__WORK ITEM__: Output the data in full. Keep every word exact and exclude the pictures.

__INPUT DATA__:
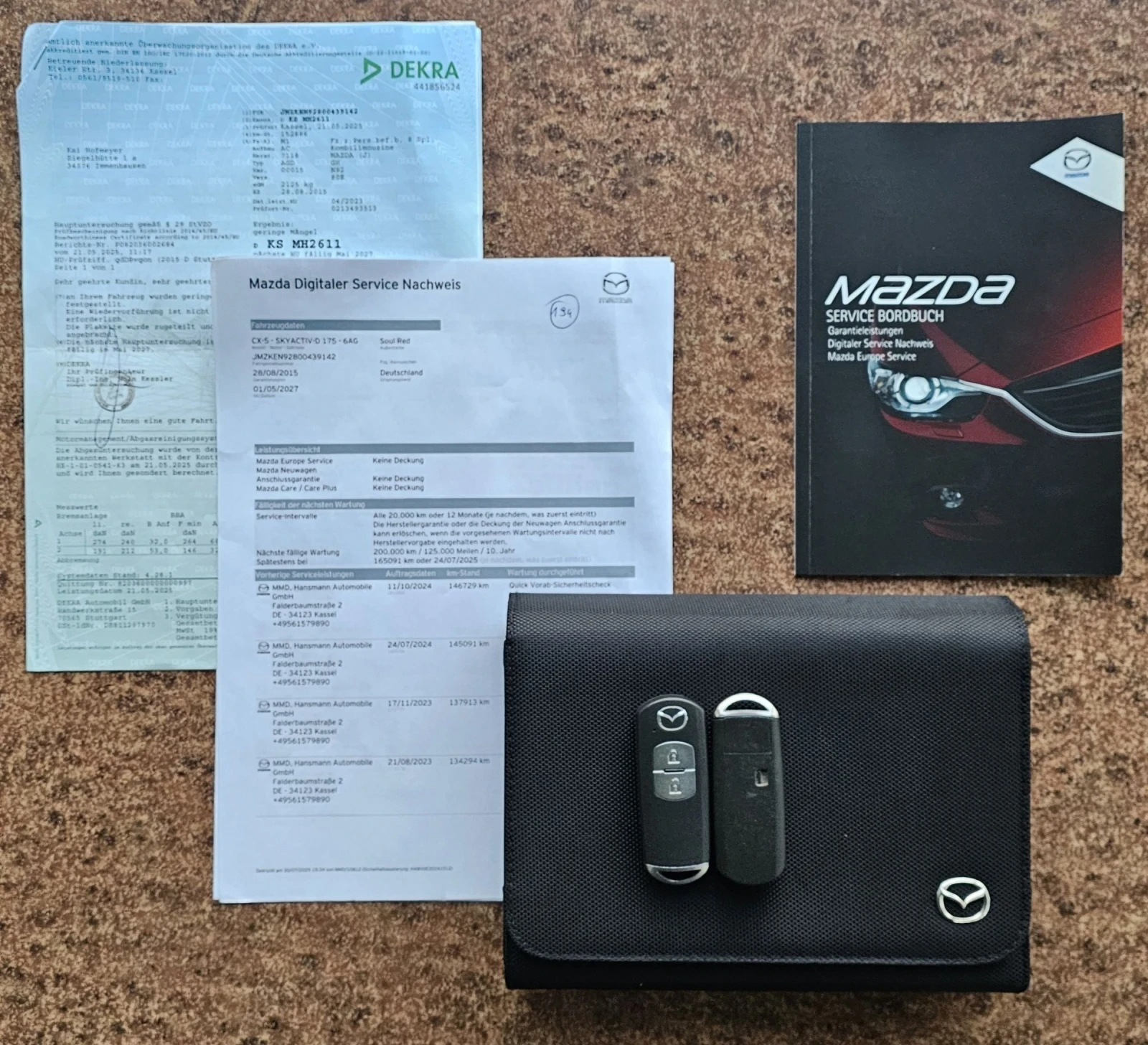 Mazda CX-5 2.2 AWD 175.. Nakama BOSE Facelift  | Mobile.bg   16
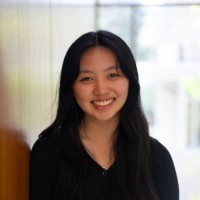 SEO Scholars San Francisco Employee Salina Huang's profile photo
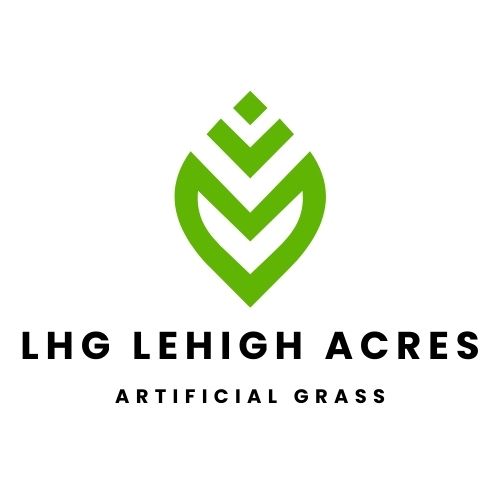 LHG Lehigh Acres Artificial Grass logo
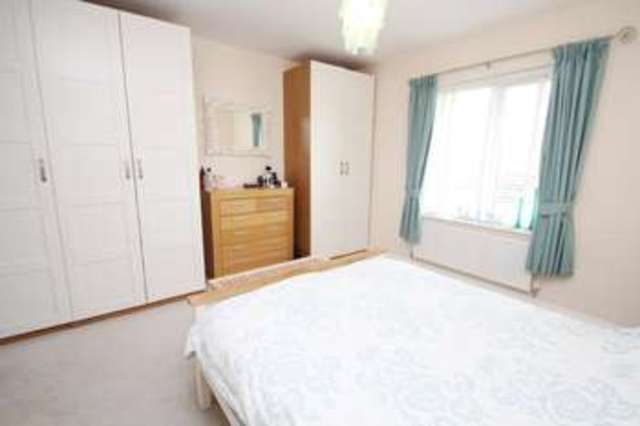  Image of 4 bedroom Terraced house for sale in Lulworth Drive Plymouth PL6 at Widewell Plymouth Devon, PL6 7DT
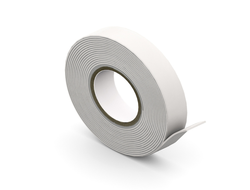 NOVA Уплотнитель для рамы под стекло, на клеящейся основе  NA0097.VM100.TR000.CB   ARISTO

__ANSWER SECTION__:
 Mazda CX-5 2.2 AWD 175.. Nakama BOSE Facelift  | Mobile.bg   16
 SEO Scholars San Francisco Employee Salina Huang's profile photo
 LHG Lehigh Acres Artificial Grass logo
  Image of 4 bedroom Terraced house for sale in Lulworth Drive Plymouth PL6 at Widewell Plymouth Devon, PL6 7DT
 NOVA Уплотнитель для рамы под стекло, на клеящейся основе  NA0097.VM100.TR000.CB   ARISTO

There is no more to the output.